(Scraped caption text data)
+---+
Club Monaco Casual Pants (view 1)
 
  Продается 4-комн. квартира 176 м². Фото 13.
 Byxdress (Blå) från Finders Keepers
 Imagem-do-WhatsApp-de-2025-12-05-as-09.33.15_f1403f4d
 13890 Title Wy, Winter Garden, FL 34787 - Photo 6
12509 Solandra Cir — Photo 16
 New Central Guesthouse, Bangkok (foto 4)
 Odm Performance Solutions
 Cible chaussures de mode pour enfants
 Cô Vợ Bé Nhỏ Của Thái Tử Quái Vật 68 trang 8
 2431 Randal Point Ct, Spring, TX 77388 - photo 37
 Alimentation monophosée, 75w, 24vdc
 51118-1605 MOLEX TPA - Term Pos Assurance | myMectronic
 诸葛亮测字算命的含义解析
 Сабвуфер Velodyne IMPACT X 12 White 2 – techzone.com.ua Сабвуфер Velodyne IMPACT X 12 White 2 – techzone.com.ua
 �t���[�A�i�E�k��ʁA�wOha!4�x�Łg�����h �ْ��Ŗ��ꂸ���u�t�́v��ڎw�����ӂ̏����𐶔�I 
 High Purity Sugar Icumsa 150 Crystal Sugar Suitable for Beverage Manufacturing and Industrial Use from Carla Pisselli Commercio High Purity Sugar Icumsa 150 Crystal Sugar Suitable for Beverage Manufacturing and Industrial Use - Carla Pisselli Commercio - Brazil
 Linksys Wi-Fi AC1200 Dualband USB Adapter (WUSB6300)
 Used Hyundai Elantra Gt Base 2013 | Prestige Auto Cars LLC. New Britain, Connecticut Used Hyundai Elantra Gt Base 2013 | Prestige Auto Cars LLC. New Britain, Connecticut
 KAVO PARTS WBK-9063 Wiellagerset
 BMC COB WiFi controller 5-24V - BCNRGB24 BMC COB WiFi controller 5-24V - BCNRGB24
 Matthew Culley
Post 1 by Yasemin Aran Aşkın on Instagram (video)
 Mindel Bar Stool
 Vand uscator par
+---+
## Exercise instructions
Only one stretch of the entries above is wanted: the lines from the one containing "Linksys Wi-Fi AC1200" through the one containing "BMC COB WiFi controller 5-24V - BCNRGB24 BMC". Please reproduce it exactly.

## Task answer
 Linksys Wi-Fi AC1200 Dualband USB Adapter (WUSB6300)
 Used Hyundai Elantra Gt Base 2013 | Prestige Auto Cars LLC. New Britain, Connecticut Used Hyundai Elantra Gt Base 2013 | Prestige Auto Cars LLC. New Britain, Connecticut
 KAVO PARTS WBK-9063 Wiellagerset
 BMC COB WiFi controller 5-24V - BCNRGB24 BMC COB WiFi controller 5-24V - BCNRGB24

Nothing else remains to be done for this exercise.